Önceki Bölüm || Seriye Git || Sonraki Bölüm
Çevirmen: Kylerxy & Redaktör: ggurcan
50.
Bölüm: Hücum
Gece geç
saatlerde Maima köyüne gizlice girdik böylece kimse bizi görmeyecekti. Naminissa'nın
gösterdiği yer köyün eteklerinde bulunan eski bir dükkandı. Saklanırken
yaklaşmak mümkün gibi gözükmüyordu çünkü mekan ay ışığı altında
aydınlatılıyordu ve çevresinde hiçbir şey yoktu.
Şuan da
durumu gözlemlerken eski dükkana en yakın ahşap evin gölgesinde saklanıyorduk.
''Muhafızlar
var''(Orlando)
Orlando'nun
söylediği gibi, eski dükkanın kapısının önünde bir kişi vardı ve diğer iki kişi
etrafında dolaşıyordu. Herkes sırasıyla bir kılıç ve kırmızı kalkanla
donatılmıştı.
Ahşap evin
gölgesinde tamamen saklanan Orlando durumu kontrol etmeyi bitirdikten sonra
Naminissa'ya sordu.
''Naminissa-sama
yardım etmeye gittiğin zaman, orada kaç kişi vardı''(Orlando)
''Düşüneyim...
Görünüşe göre on kişi vardı ve üç kişi Wazu-sama tarafından
yenildi''(Naminissa)
''Yedi kişi
kaldı. Gardiyan görevi yapan üç kişi olduğundan binanın içerisinde dört kişi
var... Ancak, takviye almış olma ihtimalleri var, içeri de daha fazla insan
olduğunu düşünmek daha iyi olur...''(Orlando)
Oi, neden
konuşma bittikten sonra siz ikiniz bana bakıyorsunuz?
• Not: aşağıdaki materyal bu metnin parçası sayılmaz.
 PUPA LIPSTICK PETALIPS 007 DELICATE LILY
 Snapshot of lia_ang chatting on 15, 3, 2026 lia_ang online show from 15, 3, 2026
Sanki benden bir şey
bekliyormuş gibi o parlak gözlerle bakmayın. Tamam, tamam, anladım... İçeri
girmemi istiyorsunuz... İç çekme...
''Yalnız
gideceğim ama ne olacağını bilmiyorum. Orlando, düzgün bir şekilde Naminissa'yı
koruyabilir misin?''(Wazu)
''Evet...
Üzgünüm, birebir savaşta kendime güveniyorum ama çok fazla rakip olduğunda
bilemiyorum bu yüzden korkarım ki sana yük olacağım''(Orlando)
''Endişelenme,
hala güçlenebilirsin bu yüzden şimdi bana bırak zaman gidiyorum!''(Wazu)
Naminissa
birisine dua eder gibi bir hareket yaparken kısık bir sesle mırıldandı
--''Dikkatli ol...''--.kime dua ediyorsun? Tanrıça-sama? Dünya Tanrıça-sama?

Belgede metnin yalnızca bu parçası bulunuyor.